次の選挙で出馬しても、きっと圧倒的多数の市民の支持を受けて当選したであろうが、「59歳」での勇退である。

 

その泉元市長がインタビューのなかでこのように話している。

 



公務員の思い込みは、基本的に3パターンに分類できます。

まずは「国の言う通りのことをしなきゃいけない」という思い込み。

国が言ってないことは禁止されてると思っている。「お上至上主義」ですね。

それから「隣の市ではやっていません」も彼らの常套句。

今でこそ明石市が「全国初」となる施策が増えましたが、基本的に役人は他の自治体がやってないことはやったらいけないと思っている。

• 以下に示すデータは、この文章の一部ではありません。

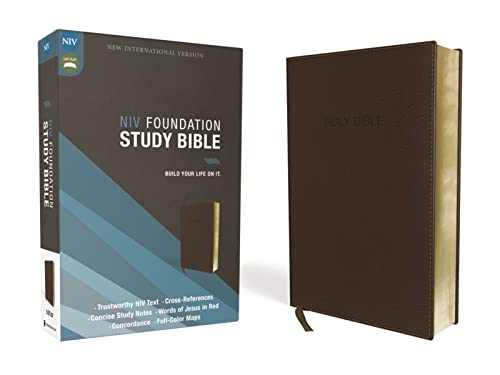 Niv Foundation Study Bible Imitation Leather Br Format: Slides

「横並び主義」です。

3つ目は「前例主義」。

何か変えようとすると、すぐに血相を変えて飛んできて「これまで20年、このやり方でやってきました。変える必要ありません」と言う。

そのたびに「時代は変わってるのに、何を20年間同じこと繰り返してんねん」と思いました。 

市役所というのは、この3つをほぼ全員が確信的に信じ込んでしまっている組織で、一種の宗教に近い。

 

なかなか過激な発言で、噂通りの泉元市長らしい。

もっともこれは役所だけではなく、学校もとてもよく似ている気がする。

 

その泉本市長は、その著書のなかでも繰り返し語っているのは、

 

「行動すれば政治は変えられる」

「どうせ変わらないではなく、行動しよう」

 

である。

 

学校のなかで、教育を変えたい、働き方を変えたいなど変革を志す先生はきっとたくさんいるであろう。

生徒の中にも、もっとこんな風に学びたい、自分の学びがしたいなどと夢見る者もいるであろう。

 

しかし、学校の中の「お上至上主義」「横並び主義」「前例主義」は恐ろしく手ごわい。

泉元市長もなんども脅迫を受けたそうだし、公務員から嘘をつかれたこともあったそうだ。

でも行動すれば、いつかきっと徐々に変化は起きる。

 

私は教育の世界で、AI時代には「クリティカルな思考を育てる」ことこそが、新しい教育の基盤になるべきだと思っている。

かつてアルビン・トフラーが提唱した「第三の波」が実現した社会である。

 

「第一」は農業革命、「第二」が産業革命の社会である。

農業化の変革を受けて土地に縛られていたのが、産業革命で工業が発達し、規格化・分業化・同時化、集中化とともに、都市に人口が集中した。これに合わせて企業も軍隊でも規模を大きくすればいいということになる。

しかし、トフラーは「第三の波」として情報化社会の出現すれば、情報革命によって、規格化・同時化・極大化・中央集権化の原則から脱し、効率的で無駄のない社会になると予測した。

その社会こそがAI社会である。

その社会で行われる教育の根本的な理念が、30年、40年前と同じであっていいはずがない。

少なくとも未来志向ではない。

 

泉元市長は、市長職は引退だが、今後も政治に関わっていくという。

もしできることであれば、泉氏が懸念する「受け身では変わらない」のそもそもに日本の画一的な教育の在り方があり、そこには公務員と同じ世界があり、単なる授業料の無償化だけでどうにもならない、教育の「変わらない」ことへの挑戦をしていただければ思う。

泉氏は、私と同学年の同級生だ。

立場や地域が異なっても、ともに未来のための「変化」への挑戦をともにする同志でありたい。